A Motivating Problem. Is the average birth weight in a given population larger than 7 and a half pounds? Suppose in a sample of sixteen individuals, the average birth weight is 132 ounces with a standard deviation of 20 ounces.
2. To test this hypothesis, we could gather data from a sample of individuals. If the sample mean birth weight exceeds 7 and a half pounds by more than we could explain by chance alone, there is evidence that the mean birth weight is greater.

3. A hypothesis test consists of these parts.
1. State null and alternative hypotheses.
2. Calculate a test statistic.
3. Calculate a p-value.
4. Summarize your findings in the context of the problem.

4. We can apply this to the example at hand.
1. State null and alternative hypotheses. In our population, the mean birth weight is unknown and represented by the Greek letter mu. We ask if there is sufficient evidence to conclude that mu exceeds 7 and a half pounds, or 120 ounces based on our sample. Our null hypothesis is to assume that mu is 120 while the alternative is to assume it is larger. In formal notation, H0: mu = 120
Ha: mu > 120

2. Calculate a test statistic. We should first check that our sample data is well summarized by a mean and standard deviation. If there is very strong skewness or any extreme outliers, methods based on normal sampling distributions will not be valid.

Given that examination of the data does not find these problems, the test statistic

z = (x-bar - mu) / (sigma / sqrt(n))

has a standard normal distribution when the null hypothesis is true. Unfortunately, we do not know the value of sigma. We can substitute in the sample standard deviation s. This adds variability to the denominator as well as the numerator, and the resulting sampling distribution is no longer standard normal. It has a t distribution with n-1 degrees of freedom. These distributions are symmetric, bell-shaped, and centered at 0 as the standard normal distribution is, but are more spread out. the extra spread decreases as the sample size increases.

The test statistic we use is

t = (x-bar - mu) / (s / sqrt(n))

For our data, t = (132 - 120) / (20/sqrt(16)) = 2.40.

3. Calculate a p-value. For this one-sided alternative, the p-value is the area to the right of 2.40 under a t distribution with 15 degrees of freedom. From the t table with 15 degrees of freedom, we see that the area to the left of 2.249 is 0.98 and the area to the left of 2.602 is 0.99. Therefore the area to the left of 2.40 is between these values and the area to the right is between 0.01 and 0.02. With software, we could calculate this exactly as 0.0149.

4. Summarize your findings in the context of the problem. If the true population mean birth weight were 120 ounces, fewer than once in 50 samples would we get a sample mean as large as we observed. Because this is somewhat unlikely, a better explanation might be that the population mean birth weight is larger than 120 ounces.
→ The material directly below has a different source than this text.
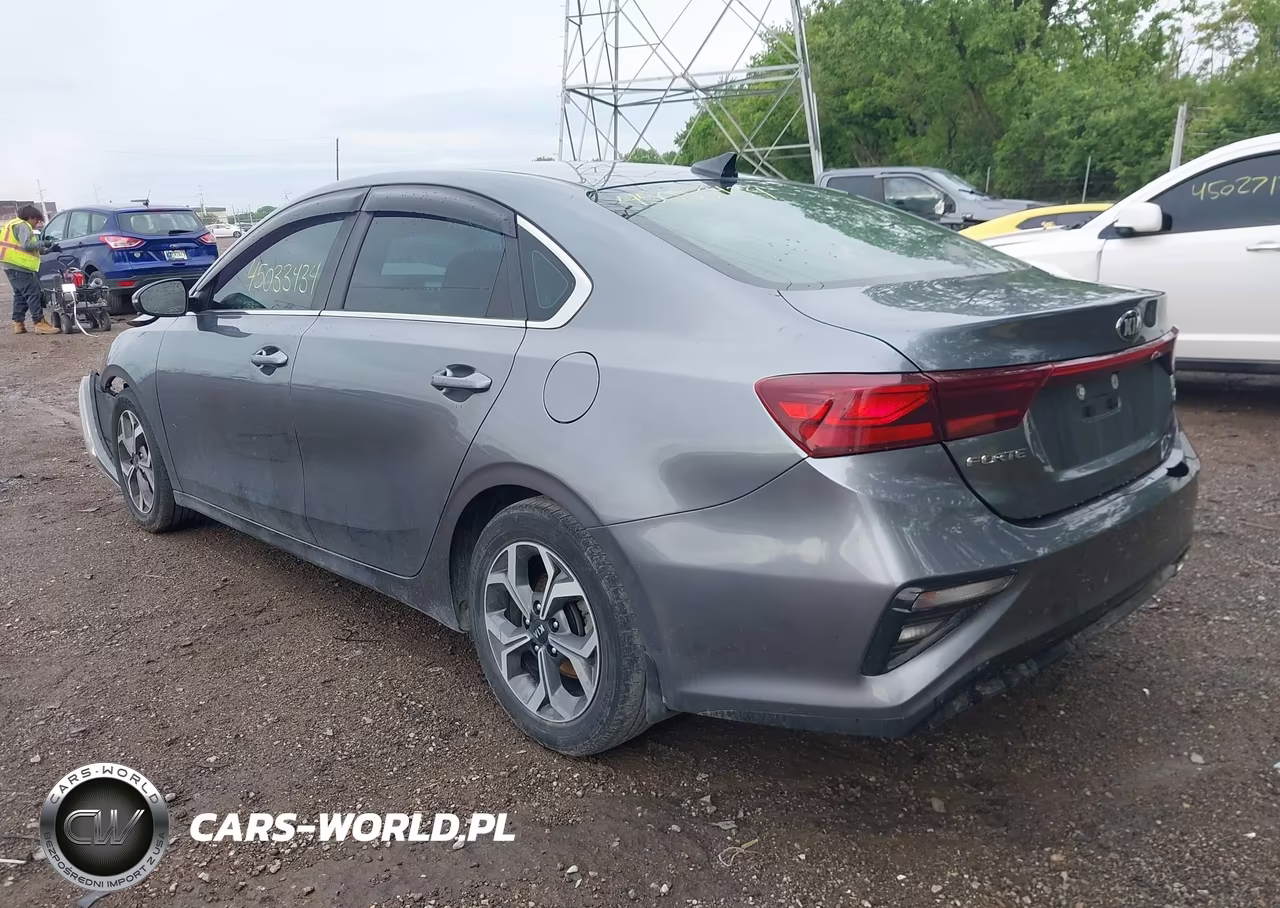 2019 Kia Forte Ex VIN:3KPF54AD6KE118441 - 3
5. What about alpha? Often times, users of hypothesis tests will compare p-values to fixed significance levels. A common choice is alpha=0.05. A p-value smaller than 0.05 is called "significant at the 5% level". At this significance level, one might reject the null hypothesis. We maintain that reporting a p-value gives a better description of the evidence against a null hypothesis than simply stating whether or not it is significant at the 5% level.

In the example, the result is not significant at the 1% level. A user of fixed significance levels would not reject the null hypothesis with this data. This does not mean, however, that there is strong evidence that the null hypothesis is actually true. It only means that the data was insufficient to rule out chance alone as the reason for a difference between the observed sample mean and the assumed population mean. You cannot prove the null hypothesis is true. You can say with high confidence that the true population mean is in a small interval containing an assumed value if you have sufficient data.